Dr. Teri Chenot
JACKSONVILLE — A new health care curriculum focused on preventing medical errors, which according to a John Hopkins study are the third leading cause of death in the U.S., has been launched for the first time in Florida.
The program now being offered at Jacksonville University (JU) kicked off this month and includes two new online degree programs — a master of science in healthcare quality and safety and a post graduate certificate in healthcare quality and safety.
According to Dr. Teri Chenot, associate professor at JU who founded the new degree program, the online courses are eight weeks long and are inter-professional, so students include a wide range of healthcare professionals from nurses and physicians to pharmacists and health administrators.
"We are very excited," Chenot recently told the Florida Record. "The program is totally online which makes it accessible to those who are senior or mid-level healthcare professionals who have a global interest. We are on the innovative side."
Chenot said there are also live interactive sessions throughout the semester as part of the curriculum.
Chenot became interested in this type of program in the early 2000s as a research focus while working as a patient safety officer.

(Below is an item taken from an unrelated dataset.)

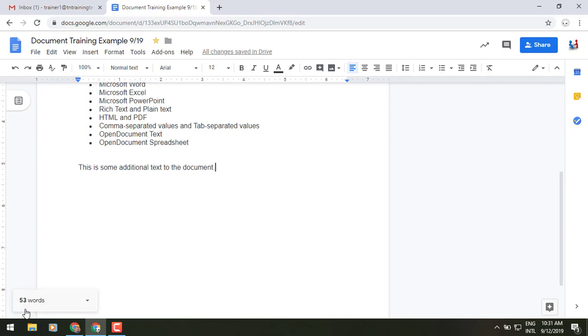So that may be helpful for some of you depending on what your job role may be and how you use Google Docs, but I wanted to let you know that it exists because it's a pretty cool tool if you need it. It would have definitely helped me out in the college days.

She explained that at the time, a landmark study from the Institute of Medicine, now the National Academies of Medicine, showed that more than 44,000 deaths were occurring as a result of something other than what a patient was being treated for in the hospital.
When asked if she feels the new program and training would have an impact on medical malpractice litigation, Chenot said it could have an effect.
"One would anticipate that the more training that you have to improve health outcomes and improve safety measures, on the other side would decrease those issues too," Chenot said.
Chenot said the JU program, which is one of only 17 in the U.S. and Canada, is receiving a great deal of support from some of the North Florida area's biggest healthcare systems.
"We are becoming a health mecca in this town with several large healthcare systems," Chenot said. "They have all been very supportive and positive about this new program."
Chenot also recently held a patient safety conference designed for inter-professionals which sold out. A fourth conference is planned for March, she said.